HEALY, Michael SR 1826-1910
HEALY, MURPHY, JOYCE, VAUGHAN
Posted By: Mark KERNAN (email)
Date: 3/6/2004 at 18:20:53
Allamakee Journal June 15, 1910
Lansing and Waukon, Iowa
M. HEALY, SR., ANSWERS ROLL CALL
Ft. Dodge Daily Chronical, June 3With the advent of the midnight hour, and lacking but two days of being the second anniversay of the death of his beloved wife, who had shared the battle of his life for more than fifty years, the life lamp of Michael Healy flickered out and his soul passed out into eternity. For the past couple of weeks he had been in failing health and it was realized the end was near, death being due to old age and complications.
Michael Healy first saw the light of day in the parish of Donoughmore, county Cork, Ireland, on April 17, 1826, and was therefore a little over eighty-four years of age at the time of his death. In 1846, with the nearing of his majority, he emigrated to America, settling in Boston, where he made his home for a time.
January 1, 1850, he enlisted in the United States regular army and served for a period of five years in Texas, Louisiana and the southwest, and in recognition of his faithful service for his adopted country he was during recent years made an honorary member of Fort Donelson Post. No. 236, Grand Army of the Republic.
March 4, 1856 Michael Healy and Miss Katherine Murphy were joined in the holy bonds of matrimony, and to them it was given the privelege of walking side by side through life for a period of fifty-three years, when the esteemed wife was summoned to her reward, passing away on June 5, 1908. The same year of their marriage Mr. Healy settled in Allamakee county, Iowa, whe for a period of eight years he followed farming. He was aman held in high esteem by his neighbors and in recognition of that esteem he was elected county treasurer in 1862, serving for four years. Later he removed to Lansing, Iowa, wherehe engaged in law and the real estate business until 1882 when with his family he removed to Fort Dodge, and where he made his home for the remainder of the days which were alloted to him.
To Mr. and Mrs. Healy were born four sons and five daughters, all of whom survive, with the exception of the late Thomas D. Healy, who died in this city January 15, 1909. The children are: Mrs. Ella Joyce, Mrs. P.H. Vaughan and Misses Kate and Anna Healy, all of Fort Dodge; and Elizabeth, known in religion as Sister Mary Leo, who resides in Philadelphia, and Michael F., William M., and Robert of Fort Dodge. And while these may be regarded as those who have suffered the most in the passing of this kindly, generous man, the blow falls on the entire city, for he had a word of cheer for all, a kindly greeting for even the stranger and the hungry never went unfed from his door, and many an eye filled with tears at the word of his passing, and were it left to mortal man to look over the pages in the great book of life kept by the recording angel he would find not one blot on that page which was assigned to Michael Healy, when over eighty-fours ago, as a baby he came to brighten a little house on the Emerald Isle. Honest, courageous, a man without a fault - Fort Dodge weeps with the afflicted family, for she mourns the passing of a worthy citizen.

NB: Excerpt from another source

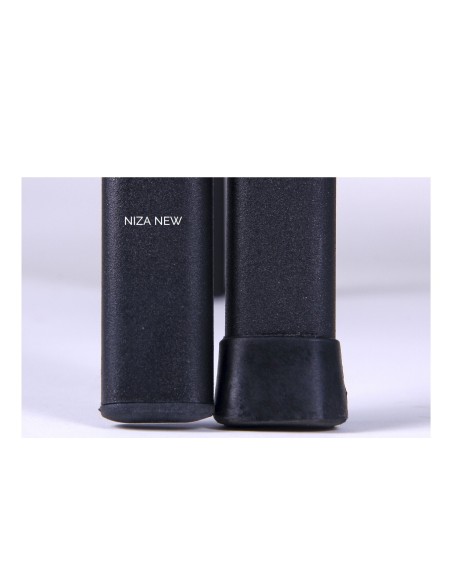 Silla NIZA NEW AM, chasis cromado, tejido A1, color negro*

While is is recorded that Michael Healy was as good a soldier as ever wore the blue, and during the yellow fever scourge in the southland, his hand it was that ministered as gently as a woman to the afflicted, and to him fell the duty of closing the eyes of many of those under his personal care, and they went out of this life with a prayer of thanks on their lips for his kindness, the one act of his life which Mr Healy regarded as the proudest was when in 1818 he took a "Father Matthew" pledge of total abstinenceand that pledge was never broken by him. Many citizens will remember him as a loyal worker in the first temperance society ever organized in Fort Dodge, and even when at the davice of the attending physician it was thought best to administer a little brandy during his last sickness to sustain the feeble spark of life, he refused, determineing rather to go before his God with that pledge kept inviolate. And he kept it to the end. And thus it was in life, that Michael Healy's word was as good as his bond, and no man can say he ever made a promise that was not fulfilled with scriptural measure.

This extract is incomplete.